Re: [Cjk] CJKvert and horizontal dash transformation?

Gernot Hassenpflug Tue, 24 Jul 2007 02:00:42 -0700

Werner LEMBERG <[EMAIL PROTECTED]> writes:
/../

Thank you for the answers, I managed to find my way around better,
with the help of my rather old version of Japanese Information
Processing and the unicode mapping files on ftp.unicode.org plus the
CJK documentation and source code.


>> Question 3: in essence, what I am now faced with is
>>  updating/expanding the unicode subfonts with the help of the files
>>  you advised me to look at.
>
> Not the subfonts itself, but the entries in the .fdx files so that the
> lines refer to the correct subfont and glyph index positions.

OK, here is what I have done up to now:

1. I use c42min.fd and JISdnp.enc to work out what the original JIS
   point was from the DNP symbol subfont glyph position.
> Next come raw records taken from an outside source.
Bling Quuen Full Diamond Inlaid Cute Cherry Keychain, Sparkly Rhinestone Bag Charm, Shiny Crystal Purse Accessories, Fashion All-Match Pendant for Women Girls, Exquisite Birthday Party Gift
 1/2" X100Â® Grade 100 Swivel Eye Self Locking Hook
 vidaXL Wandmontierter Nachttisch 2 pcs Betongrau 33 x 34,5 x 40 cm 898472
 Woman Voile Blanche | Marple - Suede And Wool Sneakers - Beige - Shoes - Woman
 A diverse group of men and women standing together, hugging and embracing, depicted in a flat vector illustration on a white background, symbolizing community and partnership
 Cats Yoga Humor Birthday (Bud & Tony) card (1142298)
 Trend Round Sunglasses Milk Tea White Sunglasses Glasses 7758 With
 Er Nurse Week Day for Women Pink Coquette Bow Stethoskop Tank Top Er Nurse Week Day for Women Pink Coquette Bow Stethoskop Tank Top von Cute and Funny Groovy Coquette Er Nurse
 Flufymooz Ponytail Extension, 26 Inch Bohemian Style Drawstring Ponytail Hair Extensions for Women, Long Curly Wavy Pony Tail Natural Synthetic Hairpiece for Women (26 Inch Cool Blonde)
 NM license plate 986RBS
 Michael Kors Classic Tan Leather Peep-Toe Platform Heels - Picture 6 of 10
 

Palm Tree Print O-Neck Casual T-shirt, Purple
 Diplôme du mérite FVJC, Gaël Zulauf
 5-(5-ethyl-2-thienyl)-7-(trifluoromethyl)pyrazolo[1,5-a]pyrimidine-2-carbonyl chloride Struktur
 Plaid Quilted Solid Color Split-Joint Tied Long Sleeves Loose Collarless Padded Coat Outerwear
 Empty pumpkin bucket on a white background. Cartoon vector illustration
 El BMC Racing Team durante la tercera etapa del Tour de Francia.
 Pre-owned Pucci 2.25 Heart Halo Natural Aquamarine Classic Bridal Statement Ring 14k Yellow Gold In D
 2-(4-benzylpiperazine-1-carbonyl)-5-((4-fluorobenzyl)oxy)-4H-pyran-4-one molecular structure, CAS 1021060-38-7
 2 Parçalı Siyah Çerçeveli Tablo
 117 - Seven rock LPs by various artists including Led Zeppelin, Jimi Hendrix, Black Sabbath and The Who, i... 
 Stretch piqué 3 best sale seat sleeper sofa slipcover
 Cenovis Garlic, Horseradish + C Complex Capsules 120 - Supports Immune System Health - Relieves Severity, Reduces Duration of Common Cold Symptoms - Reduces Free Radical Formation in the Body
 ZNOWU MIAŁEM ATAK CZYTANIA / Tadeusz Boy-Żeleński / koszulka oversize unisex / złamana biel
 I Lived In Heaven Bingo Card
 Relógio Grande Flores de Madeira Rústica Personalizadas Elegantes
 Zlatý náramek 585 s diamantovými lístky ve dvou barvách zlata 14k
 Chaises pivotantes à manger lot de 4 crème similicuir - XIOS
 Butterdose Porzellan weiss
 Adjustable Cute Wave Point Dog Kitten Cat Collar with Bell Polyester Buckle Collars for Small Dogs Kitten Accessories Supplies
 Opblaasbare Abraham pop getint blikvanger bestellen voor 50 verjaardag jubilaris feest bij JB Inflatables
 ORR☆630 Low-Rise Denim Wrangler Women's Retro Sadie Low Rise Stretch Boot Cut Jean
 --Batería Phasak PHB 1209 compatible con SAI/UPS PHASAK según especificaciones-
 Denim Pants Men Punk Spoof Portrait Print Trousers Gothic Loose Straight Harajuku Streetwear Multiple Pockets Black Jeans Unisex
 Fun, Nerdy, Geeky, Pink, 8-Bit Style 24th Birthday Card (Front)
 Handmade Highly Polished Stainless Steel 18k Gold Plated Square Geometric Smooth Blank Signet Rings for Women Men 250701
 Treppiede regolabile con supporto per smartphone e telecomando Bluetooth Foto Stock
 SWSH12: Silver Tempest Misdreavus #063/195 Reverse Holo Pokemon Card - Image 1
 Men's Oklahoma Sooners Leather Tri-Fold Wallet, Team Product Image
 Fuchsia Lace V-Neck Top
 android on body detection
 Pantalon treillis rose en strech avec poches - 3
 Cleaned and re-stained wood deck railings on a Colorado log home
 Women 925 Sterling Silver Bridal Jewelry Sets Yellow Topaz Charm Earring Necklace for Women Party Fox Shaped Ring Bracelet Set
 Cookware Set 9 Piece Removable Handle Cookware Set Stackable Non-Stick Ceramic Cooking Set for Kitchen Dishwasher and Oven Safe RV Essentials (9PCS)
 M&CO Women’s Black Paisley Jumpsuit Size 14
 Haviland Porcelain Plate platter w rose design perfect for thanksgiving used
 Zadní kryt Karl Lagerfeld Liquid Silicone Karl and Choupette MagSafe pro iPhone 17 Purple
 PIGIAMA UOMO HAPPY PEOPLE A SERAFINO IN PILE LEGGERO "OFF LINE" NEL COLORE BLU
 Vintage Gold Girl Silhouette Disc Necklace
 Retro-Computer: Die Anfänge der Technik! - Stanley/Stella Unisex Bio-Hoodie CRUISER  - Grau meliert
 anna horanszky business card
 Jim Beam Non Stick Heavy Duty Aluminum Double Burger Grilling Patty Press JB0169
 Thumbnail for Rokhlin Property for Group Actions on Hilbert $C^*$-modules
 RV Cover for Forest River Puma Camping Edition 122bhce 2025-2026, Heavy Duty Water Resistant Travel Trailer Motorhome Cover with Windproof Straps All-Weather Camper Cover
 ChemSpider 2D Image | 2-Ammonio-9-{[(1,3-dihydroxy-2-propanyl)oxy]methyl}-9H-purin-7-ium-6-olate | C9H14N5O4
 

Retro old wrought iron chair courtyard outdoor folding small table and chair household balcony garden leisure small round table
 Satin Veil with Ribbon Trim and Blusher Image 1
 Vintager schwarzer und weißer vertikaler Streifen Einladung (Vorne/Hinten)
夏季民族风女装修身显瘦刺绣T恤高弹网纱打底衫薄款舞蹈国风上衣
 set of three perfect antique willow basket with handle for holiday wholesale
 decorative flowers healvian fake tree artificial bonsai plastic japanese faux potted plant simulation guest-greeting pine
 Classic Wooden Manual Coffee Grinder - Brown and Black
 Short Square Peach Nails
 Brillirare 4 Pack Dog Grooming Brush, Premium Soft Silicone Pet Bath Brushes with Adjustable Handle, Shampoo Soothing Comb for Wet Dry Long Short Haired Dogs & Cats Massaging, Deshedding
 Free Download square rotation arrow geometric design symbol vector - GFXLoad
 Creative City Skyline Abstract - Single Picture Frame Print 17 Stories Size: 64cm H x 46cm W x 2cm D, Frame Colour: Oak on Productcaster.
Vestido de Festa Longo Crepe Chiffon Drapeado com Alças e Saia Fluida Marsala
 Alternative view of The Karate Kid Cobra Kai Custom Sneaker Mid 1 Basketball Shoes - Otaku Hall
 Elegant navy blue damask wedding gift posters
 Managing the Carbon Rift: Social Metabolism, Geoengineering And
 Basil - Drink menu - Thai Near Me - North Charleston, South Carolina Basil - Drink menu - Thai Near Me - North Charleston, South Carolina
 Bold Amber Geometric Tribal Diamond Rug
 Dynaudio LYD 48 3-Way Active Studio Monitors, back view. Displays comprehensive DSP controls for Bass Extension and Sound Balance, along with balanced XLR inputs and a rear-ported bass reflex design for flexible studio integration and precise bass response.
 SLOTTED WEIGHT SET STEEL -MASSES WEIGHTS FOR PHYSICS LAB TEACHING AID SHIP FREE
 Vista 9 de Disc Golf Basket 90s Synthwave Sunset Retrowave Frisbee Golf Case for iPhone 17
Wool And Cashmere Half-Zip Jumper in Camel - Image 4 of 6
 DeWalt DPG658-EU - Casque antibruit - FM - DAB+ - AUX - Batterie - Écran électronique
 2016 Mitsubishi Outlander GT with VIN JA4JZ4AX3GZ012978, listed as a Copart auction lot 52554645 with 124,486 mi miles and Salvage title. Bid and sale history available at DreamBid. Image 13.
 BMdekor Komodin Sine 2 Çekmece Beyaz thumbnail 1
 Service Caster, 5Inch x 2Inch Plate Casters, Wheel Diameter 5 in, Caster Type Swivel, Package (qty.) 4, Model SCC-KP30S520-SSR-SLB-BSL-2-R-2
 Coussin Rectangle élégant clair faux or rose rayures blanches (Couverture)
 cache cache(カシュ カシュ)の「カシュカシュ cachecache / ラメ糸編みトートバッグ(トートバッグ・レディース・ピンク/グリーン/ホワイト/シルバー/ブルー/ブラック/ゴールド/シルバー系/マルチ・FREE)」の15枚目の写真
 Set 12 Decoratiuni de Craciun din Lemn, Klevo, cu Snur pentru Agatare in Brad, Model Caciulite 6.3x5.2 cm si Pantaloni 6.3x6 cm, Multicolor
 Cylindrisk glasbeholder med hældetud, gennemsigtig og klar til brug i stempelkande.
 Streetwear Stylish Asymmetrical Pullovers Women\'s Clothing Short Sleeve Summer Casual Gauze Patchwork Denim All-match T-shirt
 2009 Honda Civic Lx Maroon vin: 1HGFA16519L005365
I know the
   JIS is encoded in EUC (or DNP) not in JIS encoding, but I don't
   know exactly which EUC. BTW, EUC is also known as UJIS, that is,
   Unixized JIS.

2. I could not understand yet exactly which EUC is used, so I assumed
   the complete two-byte format EUC for now, based on the fact that
   the first byte values seem to match the example you gave me (A1A1,
   assumed to be unbreaking space). This form is apparently not
   commonly encountered, according to my old reference. How times have
   changed :-)

3. Now, I realize that the conversion of subtracting -160 from the
   second byte, and making the first byte A1, is in fact the KUTEN <->
   JIS conversion! That is, whatever the DNP coding might be elsewhere
   (I did not check), it appears to be the KUTEN index encoding for at
   least the sy subfont. That is very helpful for lookup in tables!
   A1A1 subtracting 160 from each byte gives 01 01 which is row 1 (KU)
   and symbol 01 (TEN) in the KUTEN index system. From KUTEN to JIS
   involves on the other hand addition of decimal 32 to each byte.

4. Thus armed, I wrote a set of shell scripts to take the c42min.fd
   file as input and output the JIS, KUTEN, and EUC decimal and
   hexadecimal points, and also the mapping to UTF-8.  The JIS0208.txt
   file from ftp.unicode.org has a JIS encoding column, and no
   EUC. Tips on how to do this process more easily much appreciated.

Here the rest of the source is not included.